Die reformierte Theologin Ina Praetorius erntet für ihre neuste Publikation begeisterte Kritiken. Mit Hannah Arendt als Patin schöpft die Autorin aktiv aus dem Schatz der biblisch-kirchlichen Tradition, um neue Blickwinkel und Sichtweisen zu entwickeln. ostschweizerinnen.ch hat Ina Praetorius über die Themen Theologie, Spiritualität und Mentalitäten befragt.

 

Eva Grundl

08:12:2008

 

Frau Prätorius, viele Menschen halten eisern und, so der Eindruck: oftmals wider besseren Wissens an der Vorstellung eines Gottes fest, der ein Mann ist. Wie ist dieses Phänomen zu erklären?

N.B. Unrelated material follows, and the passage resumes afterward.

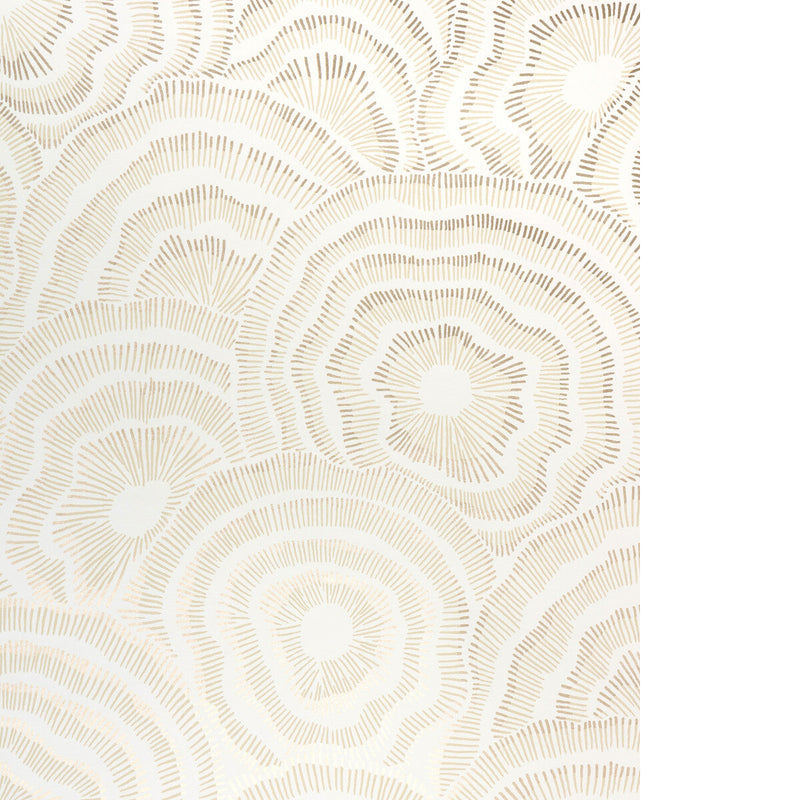 KRAVET COUTURE - PANACHE WP- CHAMPAGNE - Wallcovering by the Roll CHAMPAGNE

Mentalitäten ändern sich sehr langsam. Man hat sich an den Herrgott über Jahrhunderte gewöhnt. Viele Menschen scheinen auch Angst zu haben, dass ihnen das Göttliche ganz verloren geht, wenn sie es nicht mehr in der herkömmlichen Sprache benennen können.

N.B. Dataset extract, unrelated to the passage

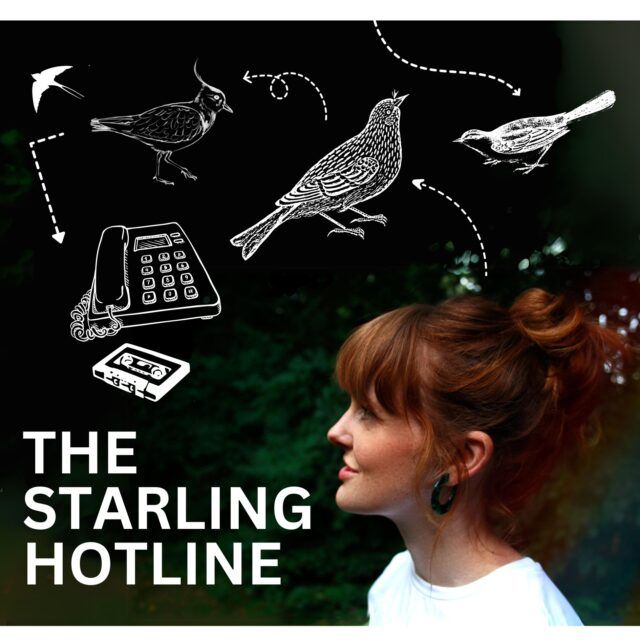 The Starling Hotline by Jess Morgan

Hinzu kommt, dass viele kritische Menschen die Kirchen, die am männlichen Gottesbild festhalten, schon längst verlassen haben und sich zum Beispiel in der Esoterik oder in östlichen Religionen eingerichtet haben, wo das Umfassende anders benannt wird: als „Energie“ oder „Geist“... Und natürlich gibt es auch Leute, etwa in den Kirchenleitungen, die gar nicht wollen, dass die Gleichsetzung von Männlichkeit mit Göttlichkeit sich auflöst. Denn für sie bedeutet das Machtverlust.

 

Es gibt trotzdem genügend Leute, die spüren, dass unsere Vorstellungen vom Sinn des Ganzen in Bewegung gekommen sind. Mit solchen Leuten – es sind Frauen und Männer – arbeite ich zusammen, und sie sind es auch, die sich über meine Theologie freuen.

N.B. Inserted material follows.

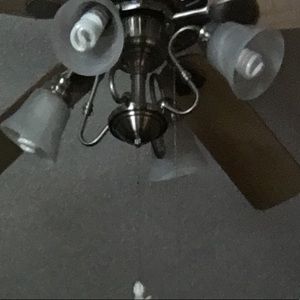 Meet your Posher, Kaylee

Patin Ihres neusten Buches "Gott dazwischen" ist die Philosophin und Schriftstellerin Hannah Arendt, der auch ein ganzes Kapitel gewidmet ist. Was fasziniert, was bewegt Sie an und bei der Auseinandersetzung mit Arendt?

Hannah Arendt hat, besonders in ihrem Hauptwerk „Vita activa“ (1958), eine eigenwillige Vorstellung davon entwickelt, wer wir als Menschen eigentlich sind. Anders als ihr Lehrer Martin Heidegger, der Menschsein als „Sein zum Tode“ deutet, denkt sie vom Anfang her: von der Geburt.

Dadurch kommen ganz andere Aspekte unseres Daseins in den Blick als in den gängigen Menschenbildern: die Einzigartigkeit jedes und jeder Einzelnen, unsere Lebendigkeit, die Fähigkeit, Neues zu beginnen, Pluralität, das Leben als Überraschung, und vor allem: Bezogenheit.

Das patriarchale Denken hat sich ja über Jahrhunderte bemüht, „den Menschen“ – sprich: den Mann - als „unabhängig“ zu denken, als „Self made man“. Diese Orientierung löst Arendt auf, ohne damit allerdings die Idee aufzugeben, dass wir frei sind. Freiheit ist für sie nicht mehr das Gegenteil von Abhängigkeit, sondern wir sind „frei in Bezogenheit“.

 

Dieses Denken ist eine gute, realistische Basis, um die Welt neu als ein lebendiges Bezugsgewebe zu verstehen. - Interessant für mich ist auch, dass Hannah Arendt zwar nicht gläubig ist, aber doch in jüdischer, also biblischer Tradition denkt. Ihre Texte haben mir einen ganz neuen (aber eigentlich uralten) Zugang zur Bibel eröffnet.

Und: Arendt hat nicht den Anspruch, perfekt zu sein. Ihr Denken ist unabgeschlossen und lässt sich weiter entwickeln. So hat sie zum Beispiel unsere Geburtlichkeit neu ins Spiel gebracht, nicht aber die Frage gestellt, von wem wir geboren wurden, was also unsere Mütter für uns bedeuten. Hier können wir heute anknüpfen und weiter entwickeln.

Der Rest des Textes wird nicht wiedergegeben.